Ana Vega Navarro, Profesora Titular del Departamento de Didáctica e Investigación Educativa, ULL. Elena Santos Vega, Licenciada en Filología Inglesa, ULL.   Al inicio del Camino Largo de La Laguna hay una palmera que en su tronco tiene acoplada una extraña abrazadera metálica con la efigie de una mujer y una inscripción que dice así: […]

Autor: «Ana Vega Navarro, Elena Santos Vega» descargar pdf Descargar pdf. Publicado el Ene 11, 2012 en Personaje (revista 14) | 6 comentarios

Ana Vega Navarro, Profesora Titular del Departamento de Didáctica e Investigación Educativa, ULL.
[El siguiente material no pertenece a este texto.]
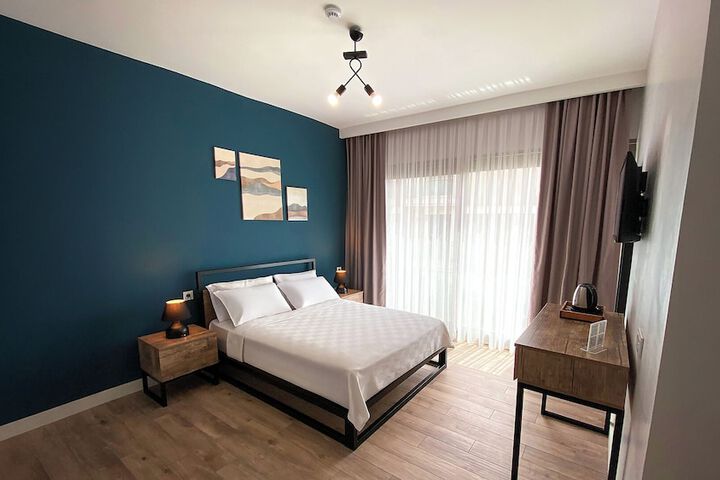 Room 27 of 61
Elena Santos Vega, Licenciada en Filología Inglesa, ULL.

 

Al inicio del Camino Largo de La Laguna hay una palmera que en su tronco tiene acoplada una extraña abrazadera metálica con la efigie de una mujer y una inscripción que dice así: “Laura de la Puerta de Cabrera”. ¿Quién fue esa mujer y por qué se puso allí la abrazadera de bronce? A ella vamos a dedicar estas páginas.

Debemos comenzar recordando cuál era su segundo apellido, el de su madre, porque el Cabrera que aparece en la inscripción era el apellido de su segundo marido. Ella se llamaba Laura de la Puerta y Guillén y había nacido por octubre de 1881 en Gáldar. De allí era natural su madre, Francisca Guillén Morales, casada con Rodrigo de la Puerta y Vila, que entonces tenía su destino de maestro de primeras letras en la ciudad de los guanartemes.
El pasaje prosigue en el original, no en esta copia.